Hint: It is best to write this function using filter
,
andmap
, and similar abstract functions from
part IV.
Solution
Hoare's quicksort algorithm is the classic example of generative recursion
in computing. Like sort
in section 12.2,
qsort
is a function that consumes a list of numbers and
produces a version that contains the same numbers in ascending order. The
difference between the two functions is that sort
is based on
structural recursion
and qsort
is based on generative
recursion.
The underlying idea of the generative step is a time-honored strategy:
divide and conquer.
That is, we divide the non-trivial instances of the
problem into two smaller, related problems, solve those smaller problems,
and combine their solutions into a solution for the original problem. In
the case of qsort
, the intermediate goal is to divide the list
of numbers into two lists: one that contains all the items that are
strictly smaller than the first item, and another one with all those items
that are strictly larger than the first item. Then the two smaller lists
are sorted using the same procedure. Once the two lists are sorted, we
simply juxtapose the pieces. Owing to its special role, the first item on
the list is often called the pivot item.
|
To develop a better understanding of the process, let's walk through one step of the evaluation by hand. Suppose the input is
(list 11 8 14 7)
The pivot item is 11
. Partioning the list into items larger and
smaller than 11
produces two lists:
(list 8 7)
and
(list 14)
The second one is already sorted in ascending order; sorting the first one
produces (list 7 8)
. This leaves us with three pieces from the
original list:
(list 7 8)
, the sorted version of the list with the smaller numbers;
11
;
and
(list 14)
, the sorted version of the list with the larger
numbers.
To produce a sorted version of the original list, we concatenate the three
pieces, which yields the desired result: (list 7 8 11 14)
.
Our illustration leaves open how qsort
knows when to
stop. Since it is a function based on generative recursion, the general
answer is that it stops when the sorting problem has become
trivial. Clearly, empty
is one trivial input for
qsort
, because the only sorted version of it is
empty
. For now, this answer suffices; we will return to this
question in the next section.
Figure 67 provides a tabular overview of the entire sorting
process for (list 11 8 14 7)
. Each box has three compartments:
| |||||||||
| |||||||||
|
The top compartment shows the list that we wish to sort, and the bottommost contains the result. The three columns in the middle display the sorting process for the two partitions and the pivot item.
Exercise 25.2.1.
Simulate all qsort
steps for (list 11 9 2 18 12 14 4 1)
.
Solution
Now that we have a good understanding of the generative step, we can
translate the process description into Scheme. The description suggests that
qsort
distinguishes two cases. If the input is empty
,
it produces empty
. Otherwise, it performs a generative recursion.

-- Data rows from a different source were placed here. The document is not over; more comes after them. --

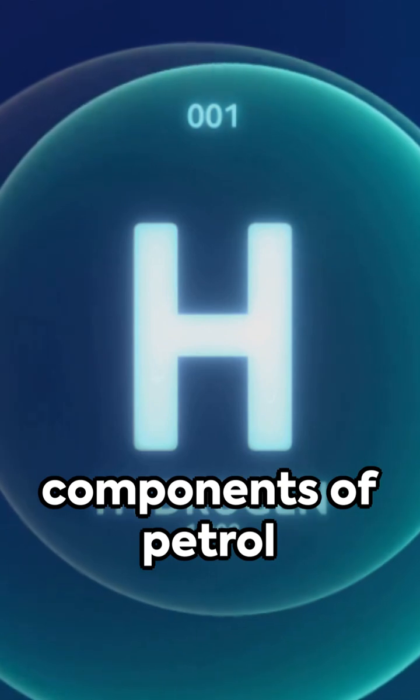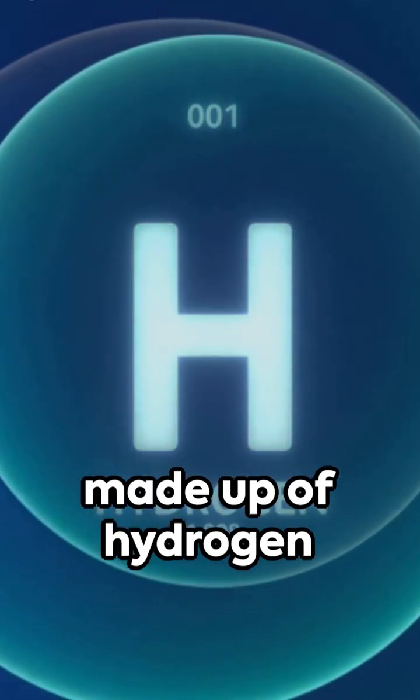The primary components of petrol are hydrocarbons, organic compounds made up of hydrogen.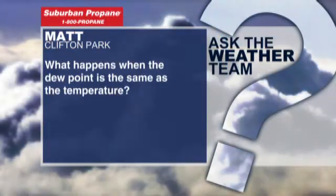It's Friday, and that means it's Suburban Propane's Ask the Weather Team night. We typically do that in our 6:30 broadcast, but because we're doing the town hall recap, there's not going to be any weather in the 6:30 show tonight, so we're going to do it right now.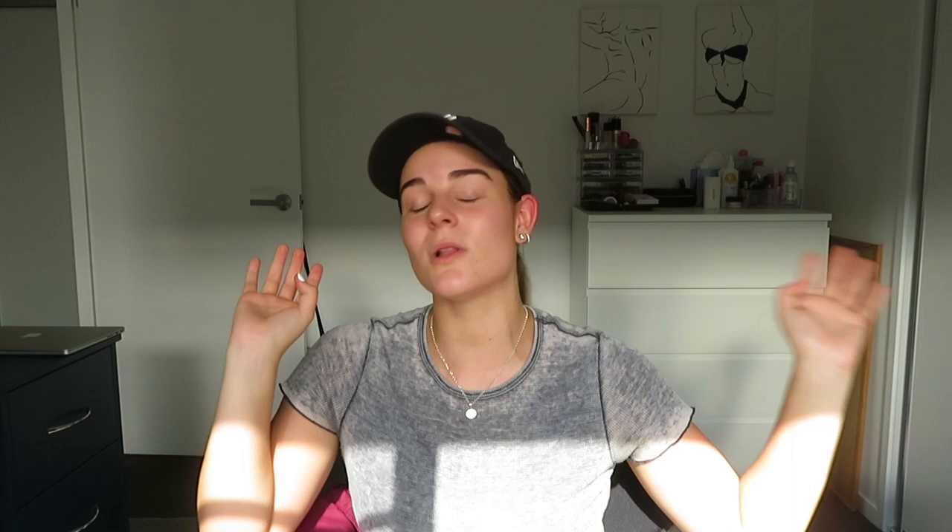Don't forget to like and subscribe and comment if you haven't already. Let me know if you've tried out Bangin Body yourself and what your experience was. I hope you have a wonderful rest of your day — check out my other videos and I will see you in my next one. Thank you so much for watching, bye guys!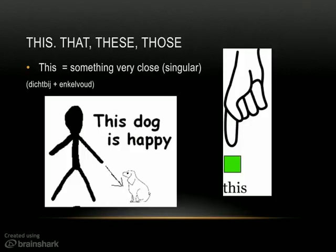OK, 'this' is like 'dit' or 'deze' in Dutch. You use the word 'this' for something that's very close to you — something perhaps that you're wearing — and only for something in the singular. Dus enkelvoud en heel dichtbij. For example: 'This dog is happy,' 'This shoe is red.' Very close, even something you're wearing, you use 'this.'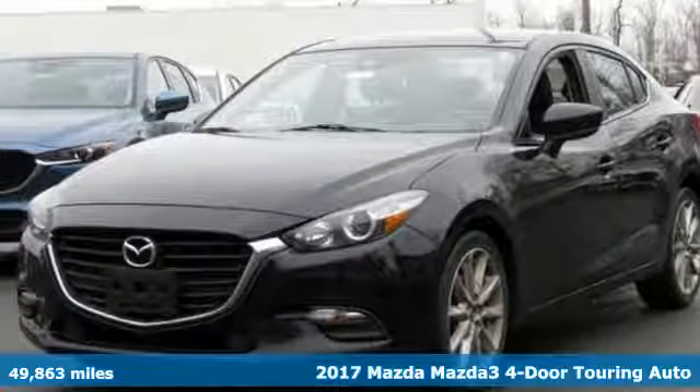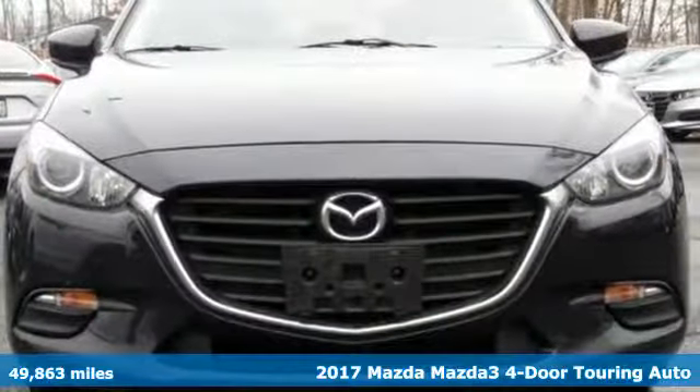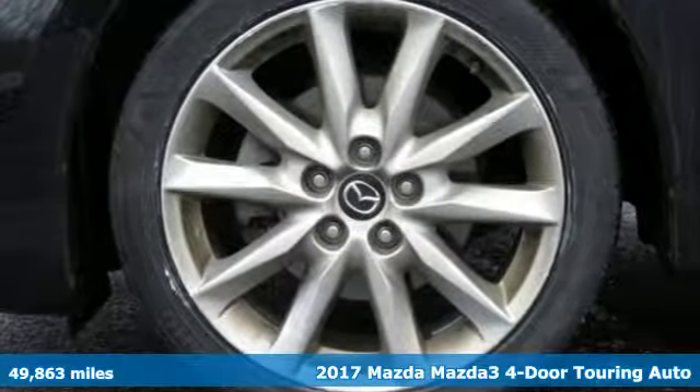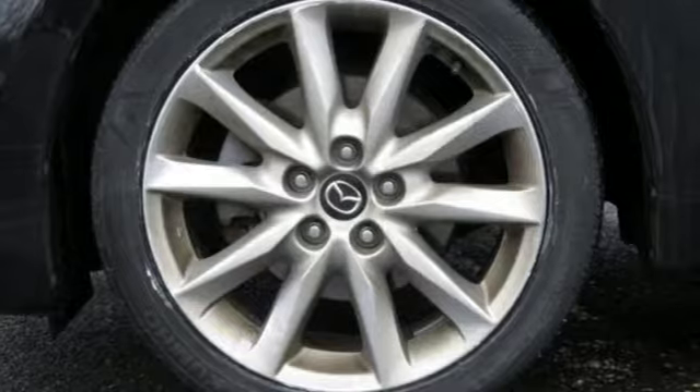It's a 2017 Mazda 3 4-door. Smart, charming, fun, beautiful. This Mazda 3 has so many things, it's hard to believe it's still a compact sedan.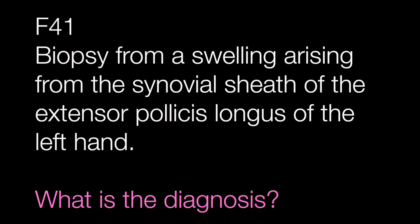Case number one is from a female of 41 with a swelling arising from the synovial sheath of the extensor pollicis longus of the left hand. What is the lesion?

This case-split suggests a cond-expression:
;;quick-sort : (listof number) -> (listof number)
;; to create a list of numbers with the same numbers as ;;alon
sorted in ascending order (define (quick-sort alon) (cond [(empty? alon) empty] [else ...]))
The answer for the first case is given. For the second case, when
qsort
's input is non-empty
, the algorithm uses the
first item to partition the rest of the list into two sublists: a list with
all items smaller than the pivot item and another one with those larger
than the pivot item.
Since the rest of the list is of unknown size, we leave the task of
partitioning the list to two auxiliary functions: smaller-items
and larger-items
. They process the list and filter out those items
that are smaller and larger, respectively, than the first one. Hence each
auxiliary function accepts two arguments, namely, a list of numbers and a
number. Developing these functions is, of course, an exercise in structural
recursion;
their definitions are shown in figure 68.
|
Each sublist is sorted separately, using quick-sort
. This implies
the use of recursion and, more specifically, the following two expressions:
(quick-sort (smaller-items alon (first alon)))
,
which sorts the list of items smaller than the pivot; and
(quick-sort (larger-items alon (first alon)))
,
which sorts the list of items larger than the pivot.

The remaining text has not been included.